Me lembro dele ativo, num quartinho cheio de mistérios, meio sombrio e lotado de cacarecos. Tinha pregos de todos os tamanhos. Era proibido mexer ali.
Me lembro também da lavanderia que tinha um funil enorme.
Me lembro da bíblia e da seriedade do meu vô Salva. Eu achava que ele era bravo, assim como achei meu pai bravo muito tempo. Hoje apenas acho que meu avô era introspectivo, ensimesmado, mais ocupado dos mistérios ocultos que das frivolidades do dia-a-dia.
Contam que ele tinha um radinho que sintonizava rádios estrangeiras e que ele se atinha naquelas notícias de longe, entendendo e tentando entender. Contam também que ele dizia que inventariam um telefone que seria possível carregar para qualquer lugar.
Rio hoje de um dia que ele ficou furioso. Meu pai estava construindo um escritório ao lado da casa dele e tinham acabado de instalar o telefone. Então eu e um primo tivemos a brilhante idéia de ir ao escritório e telefonar para meu avô, na casa do lado. Ele virou uma fera. Eu e meu primo nos enfiamos no banheiro com medo porém rindo até morrer. Meu primo levou umas palmadas.

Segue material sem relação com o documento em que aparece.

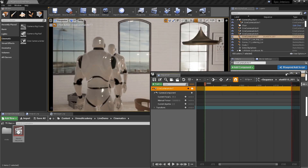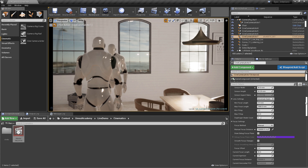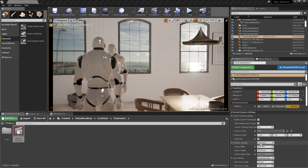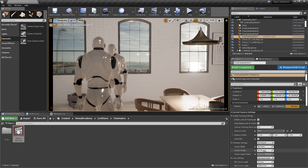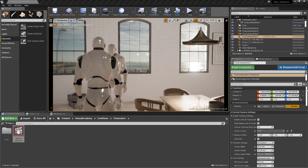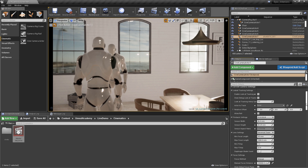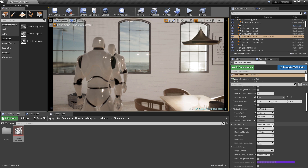With the camera selected, let's look at the lens settings in the Details panel. The film back settings allow us to specify the sensor type, and thus the width, height, and aspect ratio. I'm going to leave it at the default of 16 by 9 DSLR sensor. Keep in mind that a larger sensor will produce a more dramatic depth of field effect. Next up are the lens settings. Using the drop-down allows us to select several standard lens types, such as the 30mm prime lens without a zoom, or a 70-200mm zoom lens.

Ele era um comedor de frutas. Descascava laranjas como quem reza, perfeito e solene. Me ensinou o poder dos ímãs a partir de uma banana. Após as refeições recolhia as migalhas de pão com uma banana, que ia comendo e limpando a mesa. Faço isso às vezes.

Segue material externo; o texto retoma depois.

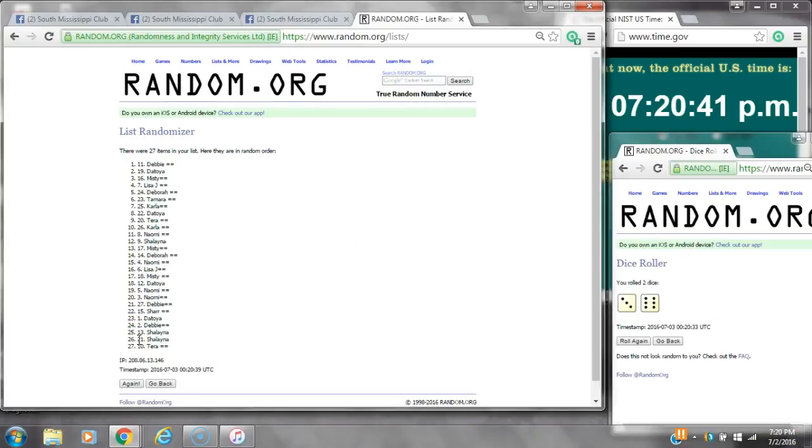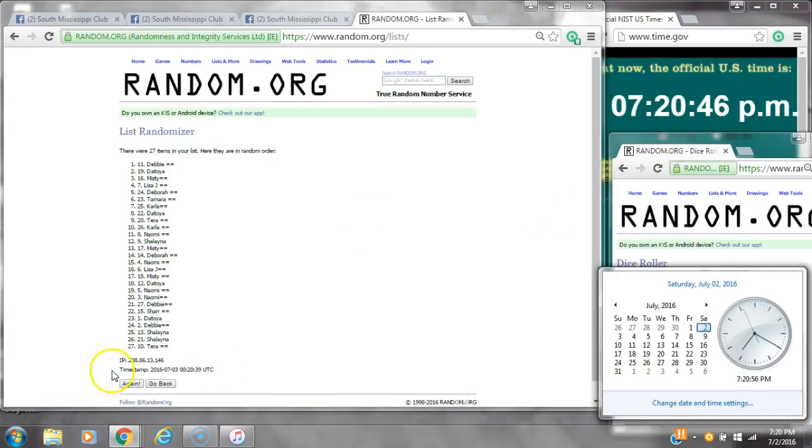After the first time, there are 27 items on the list. Debbie is on top and Tara is on bottom. Dice cost her a 9. Here we go at 720.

Meu avô ficou viúvo. Eu era criança mas me lembro de seu beijo de despedida na minha avó. Apesar de eu ter passado o velório todo brincando de pega-pega na rampa do edifício, de esconde-esconde em mil buracos e me entupindo de algodão doce, lembro-me que ele disse a ela “um dia nos encontraremos”. Meu avô levava tudo tão a risca que não quis deixá-la esperando.

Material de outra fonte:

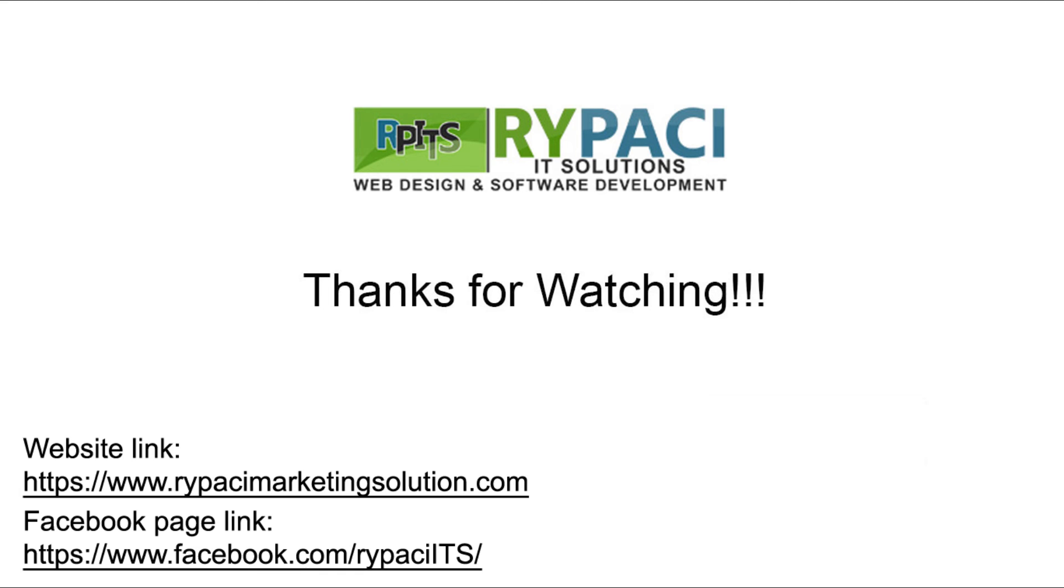Thank you for watching the video. For more videos about the automated accounting system, bot keeping, click the subscribe button below or you can visit us on our website and Facebook page in the link that is shown. Have a good day ahead.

Sempre dizia que não dormia mas apenas fechava os olhos para descansar. No dia em que dormiu mesmo, a alma se foi. Minha mãe atendeu o telefone e senti um silêncio, acho que eu soube pela cara da minha mãe.
Não me lembro da voz do meu avô. Nem do jeito que ele falava. Das visitas a meu avô ficaram os agradáveis domingos de feira com o sol quente, as frutas, alguns cultos religiosos na TV, o olhar, a fé e minha lembrança de sua fragilidade dos últimos tempos, sentado em um banco na entrada do escritório do meu pai. Faz mais de 20 anos.